Requirement – Each line below must be reproduced exactly as it stands. Pictures stay out of the copy.
──────── Information supplied ────────
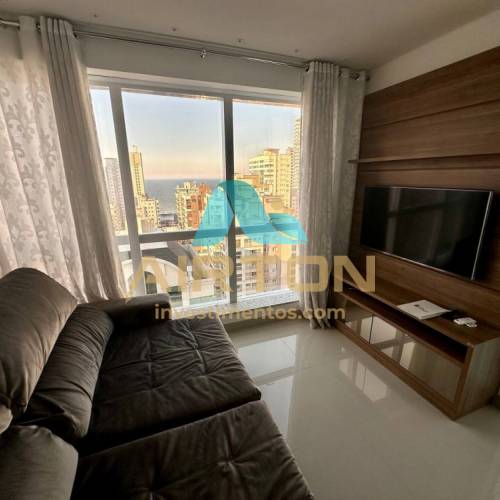 V3159 APARTAMENTO MOBILIADO PARA VENDA EM MEIA PRA
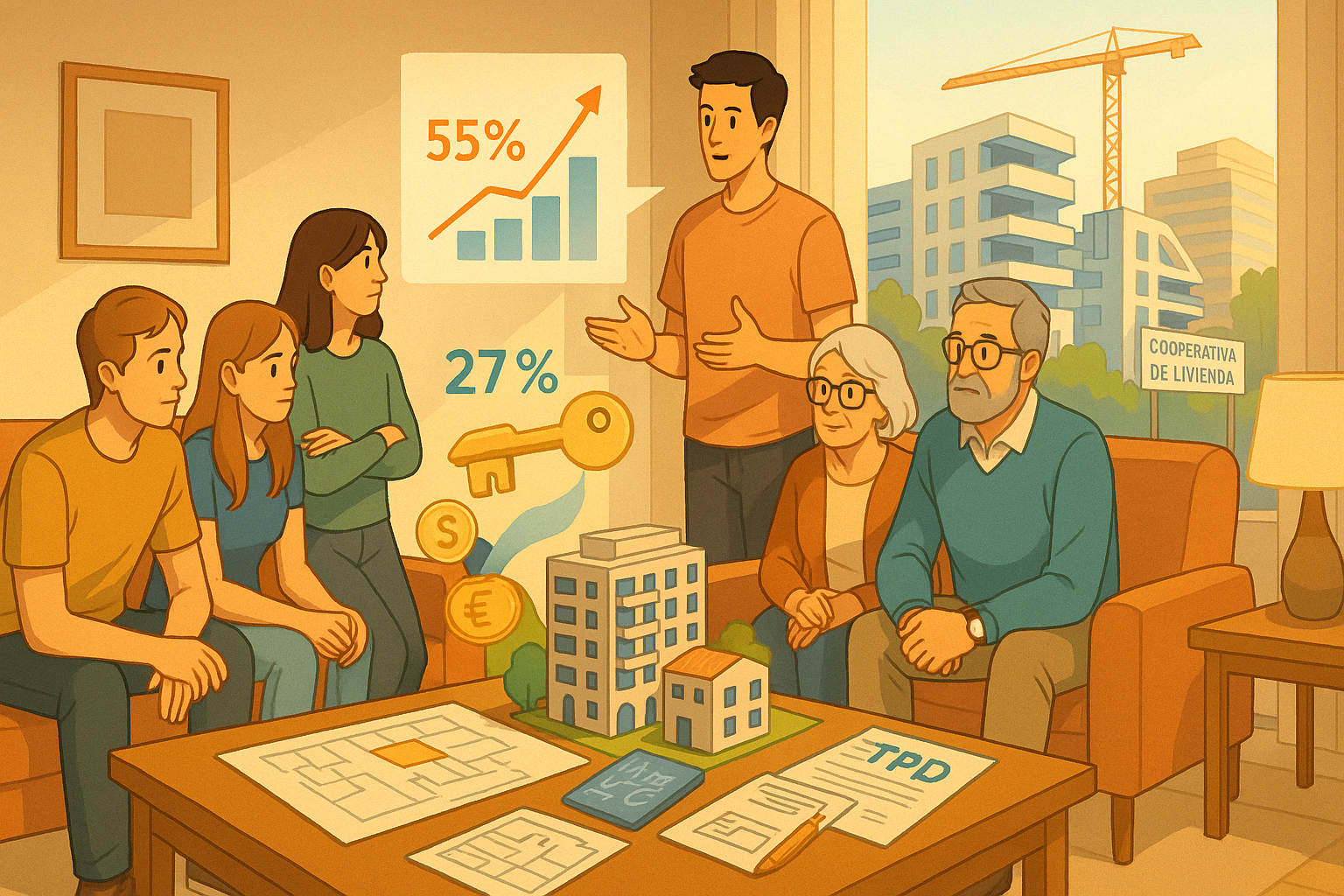 La Generación que No Despega: Jóvenes Condenados por el Precio de la Vivienda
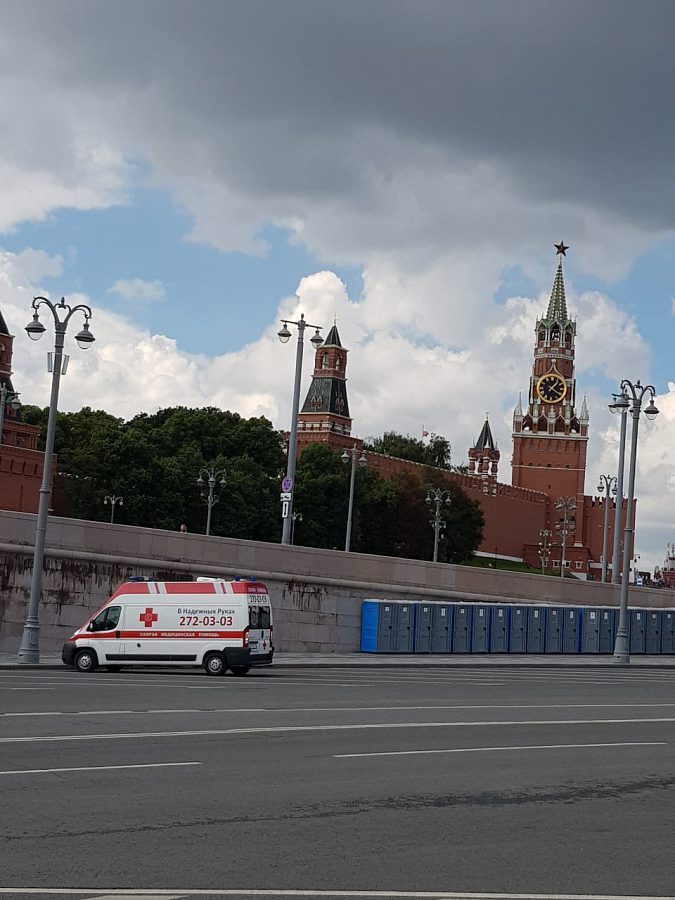 Перевозка больного в г. Москва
────────
Answer below –
 V3159 APARTAMENTO MOBILIADO PARA VENDA EM MEIA PRA
 La Generación que No Despega: Jóvenes Condenados por el Precio de la Vivienda
 Перевозка больного в г. Москва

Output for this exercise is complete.